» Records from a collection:
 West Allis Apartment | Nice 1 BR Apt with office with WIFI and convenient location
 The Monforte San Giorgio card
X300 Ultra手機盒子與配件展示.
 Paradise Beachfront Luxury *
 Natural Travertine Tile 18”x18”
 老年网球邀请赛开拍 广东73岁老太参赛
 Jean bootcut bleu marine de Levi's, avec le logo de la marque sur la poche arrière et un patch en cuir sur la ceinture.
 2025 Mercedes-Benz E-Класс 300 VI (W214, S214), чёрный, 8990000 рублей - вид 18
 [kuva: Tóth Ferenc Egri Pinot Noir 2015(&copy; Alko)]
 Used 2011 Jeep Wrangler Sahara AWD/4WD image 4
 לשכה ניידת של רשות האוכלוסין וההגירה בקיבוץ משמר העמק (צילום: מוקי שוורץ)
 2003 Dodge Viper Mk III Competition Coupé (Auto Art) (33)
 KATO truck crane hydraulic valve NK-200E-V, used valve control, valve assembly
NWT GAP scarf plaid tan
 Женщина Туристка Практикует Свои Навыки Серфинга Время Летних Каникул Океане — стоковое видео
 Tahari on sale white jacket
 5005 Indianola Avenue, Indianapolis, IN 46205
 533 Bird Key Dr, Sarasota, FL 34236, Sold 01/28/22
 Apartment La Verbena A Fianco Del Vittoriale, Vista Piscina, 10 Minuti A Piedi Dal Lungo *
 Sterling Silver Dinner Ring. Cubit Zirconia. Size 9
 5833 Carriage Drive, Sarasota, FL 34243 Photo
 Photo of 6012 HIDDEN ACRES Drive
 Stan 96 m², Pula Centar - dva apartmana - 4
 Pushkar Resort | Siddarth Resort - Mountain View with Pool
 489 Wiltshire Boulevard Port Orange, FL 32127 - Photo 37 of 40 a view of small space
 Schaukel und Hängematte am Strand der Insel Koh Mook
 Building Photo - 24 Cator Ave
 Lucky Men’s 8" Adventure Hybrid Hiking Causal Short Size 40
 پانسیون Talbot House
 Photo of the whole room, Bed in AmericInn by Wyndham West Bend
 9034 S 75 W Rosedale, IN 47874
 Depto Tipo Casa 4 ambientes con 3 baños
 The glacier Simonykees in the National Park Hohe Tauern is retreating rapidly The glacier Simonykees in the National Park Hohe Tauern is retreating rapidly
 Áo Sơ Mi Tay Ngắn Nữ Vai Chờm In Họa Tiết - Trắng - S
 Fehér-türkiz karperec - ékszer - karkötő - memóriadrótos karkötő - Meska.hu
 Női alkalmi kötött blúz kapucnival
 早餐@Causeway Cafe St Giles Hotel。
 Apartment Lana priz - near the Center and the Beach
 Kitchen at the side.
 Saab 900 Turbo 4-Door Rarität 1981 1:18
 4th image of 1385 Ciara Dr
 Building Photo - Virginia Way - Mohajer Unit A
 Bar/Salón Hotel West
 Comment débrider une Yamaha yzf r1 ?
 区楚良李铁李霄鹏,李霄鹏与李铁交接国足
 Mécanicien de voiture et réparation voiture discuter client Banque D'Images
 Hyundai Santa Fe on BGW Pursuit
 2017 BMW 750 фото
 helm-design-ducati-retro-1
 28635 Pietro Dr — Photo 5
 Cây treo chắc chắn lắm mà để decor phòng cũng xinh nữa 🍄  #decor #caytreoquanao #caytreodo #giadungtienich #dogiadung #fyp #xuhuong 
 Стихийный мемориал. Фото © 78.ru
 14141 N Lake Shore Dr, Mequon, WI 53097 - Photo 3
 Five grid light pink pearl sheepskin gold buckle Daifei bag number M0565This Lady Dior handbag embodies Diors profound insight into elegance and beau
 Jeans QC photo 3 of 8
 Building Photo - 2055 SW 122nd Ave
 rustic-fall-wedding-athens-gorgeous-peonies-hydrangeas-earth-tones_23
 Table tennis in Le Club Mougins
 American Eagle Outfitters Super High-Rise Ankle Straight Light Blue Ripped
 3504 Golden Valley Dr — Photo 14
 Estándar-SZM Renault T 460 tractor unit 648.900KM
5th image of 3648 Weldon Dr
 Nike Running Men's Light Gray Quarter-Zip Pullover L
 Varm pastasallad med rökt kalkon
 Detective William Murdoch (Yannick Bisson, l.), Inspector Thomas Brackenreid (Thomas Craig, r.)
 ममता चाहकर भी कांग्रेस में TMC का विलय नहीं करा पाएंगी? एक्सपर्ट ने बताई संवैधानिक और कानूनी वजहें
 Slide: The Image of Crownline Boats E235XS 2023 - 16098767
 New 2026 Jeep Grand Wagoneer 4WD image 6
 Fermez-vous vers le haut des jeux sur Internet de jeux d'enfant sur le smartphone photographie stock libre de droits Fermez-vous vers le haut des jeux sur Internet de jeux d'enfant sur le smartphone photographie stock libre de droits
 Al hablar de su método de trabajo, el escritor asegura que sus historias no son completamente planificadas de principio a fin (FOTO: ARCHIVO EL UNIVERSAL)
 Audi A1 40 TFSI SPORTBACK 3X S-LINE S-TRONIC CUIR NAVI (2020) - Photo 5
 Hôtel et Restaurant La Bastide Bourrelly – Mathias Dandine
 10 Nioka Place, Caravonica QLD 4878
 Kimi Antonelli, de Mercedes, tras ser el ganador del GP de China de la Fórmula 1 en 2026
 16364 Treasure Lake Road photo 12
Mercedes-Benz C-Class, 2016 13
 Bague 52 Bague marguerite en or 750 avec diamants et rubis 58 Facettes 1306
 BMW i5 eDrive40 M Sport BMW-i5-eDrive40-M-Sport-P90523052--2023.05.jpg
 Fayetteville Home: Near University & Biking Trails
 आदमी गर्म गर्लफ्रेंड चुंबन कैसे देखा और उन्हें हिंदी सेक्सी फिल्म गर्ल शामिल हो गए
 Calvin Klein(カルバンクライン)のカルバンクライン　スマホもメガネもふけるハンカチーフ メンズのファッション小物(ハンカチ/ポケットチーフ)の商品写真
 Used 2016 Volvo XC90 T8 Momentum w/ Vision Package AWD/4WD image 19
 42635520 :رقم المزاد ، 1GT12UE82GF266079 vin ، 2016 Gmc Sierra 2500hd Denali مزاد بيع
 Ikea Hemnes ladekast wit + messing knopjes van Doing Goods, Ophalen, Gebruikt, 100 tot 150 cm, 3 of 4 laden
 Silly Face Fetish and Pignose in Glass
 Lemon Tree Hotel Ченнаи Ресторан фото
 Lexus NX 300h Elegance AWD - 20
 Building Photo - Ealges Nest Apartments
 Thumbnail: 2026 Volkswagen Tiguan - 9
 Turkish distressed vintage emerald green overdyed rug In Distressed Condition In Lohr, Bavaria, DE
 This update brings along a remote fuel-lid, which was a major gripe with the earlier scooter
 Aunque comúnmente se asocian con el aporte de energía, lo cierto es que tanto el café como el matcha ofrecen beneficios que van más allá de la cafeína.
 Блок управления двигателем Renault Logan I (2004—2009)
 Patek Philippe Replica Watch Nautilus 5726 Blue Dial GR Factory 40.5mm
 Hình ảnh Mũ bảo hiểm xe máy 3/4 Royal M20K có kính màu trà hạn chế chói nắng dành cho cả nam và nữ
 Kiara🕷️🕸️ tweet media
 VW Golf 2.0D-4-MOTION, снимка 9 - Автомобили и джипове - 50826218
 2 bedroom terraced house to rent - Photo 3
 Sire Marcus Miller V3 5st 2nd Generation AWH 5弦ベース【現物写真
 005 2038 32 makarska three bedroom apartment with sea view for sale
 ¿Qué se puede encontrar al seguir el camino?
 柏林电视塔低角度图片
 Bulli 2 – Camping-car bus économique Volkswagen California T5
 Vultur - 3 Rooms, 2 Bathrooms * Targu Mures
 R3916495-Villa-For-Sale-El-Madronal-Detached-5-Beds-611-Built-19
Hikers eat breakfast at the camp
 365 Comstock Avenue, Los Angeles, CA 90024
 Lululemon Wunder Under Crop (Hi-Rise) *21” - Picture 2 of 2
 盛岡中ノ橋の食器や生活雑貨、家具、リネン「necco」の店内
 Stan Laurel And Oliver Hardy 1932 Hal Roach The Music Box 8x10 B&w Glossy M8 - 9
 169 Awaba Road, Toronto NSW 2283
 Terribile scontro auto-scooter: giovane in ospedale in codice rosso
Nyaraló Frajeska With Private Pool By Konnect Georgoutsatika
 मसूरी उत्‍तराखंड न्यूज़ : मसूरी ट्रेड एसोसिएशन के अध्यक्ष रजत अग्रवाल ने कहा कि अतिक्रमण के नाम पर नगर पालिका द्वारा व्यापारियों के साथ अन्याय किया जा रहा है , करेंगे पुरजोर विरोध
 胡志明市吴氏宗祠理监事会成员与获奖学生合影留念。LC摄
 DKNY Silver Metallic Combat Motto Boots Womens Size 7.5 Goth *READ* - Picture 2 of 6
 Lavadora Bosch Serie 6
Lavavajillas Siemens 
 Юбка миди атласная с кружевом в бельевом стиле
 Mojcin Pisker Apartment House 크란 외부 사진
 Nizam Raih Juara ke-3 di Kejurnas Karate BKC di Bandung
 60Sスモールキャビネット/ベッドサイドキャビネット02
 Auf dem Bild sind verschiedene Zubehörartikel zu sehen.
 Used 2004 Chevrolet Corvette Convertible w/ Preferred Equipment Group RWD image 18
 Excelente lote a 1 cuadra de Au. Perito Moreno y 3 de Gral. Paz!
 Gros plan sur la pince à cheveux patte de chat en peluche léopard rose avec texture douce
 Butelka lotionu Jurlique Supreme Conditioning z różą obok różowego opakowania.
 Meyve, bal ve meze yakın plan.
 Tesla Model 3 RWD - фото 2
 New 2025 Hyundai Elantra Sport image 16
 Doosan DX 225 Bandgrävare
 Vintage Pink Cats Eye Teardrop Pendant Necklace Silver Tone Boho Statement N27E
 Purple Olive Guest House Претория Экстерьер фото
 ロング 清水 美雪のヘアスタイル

» Your instructions:
How many of the lines above contain the string "Volkswagen"? Give the count alone.

» Expected output:
2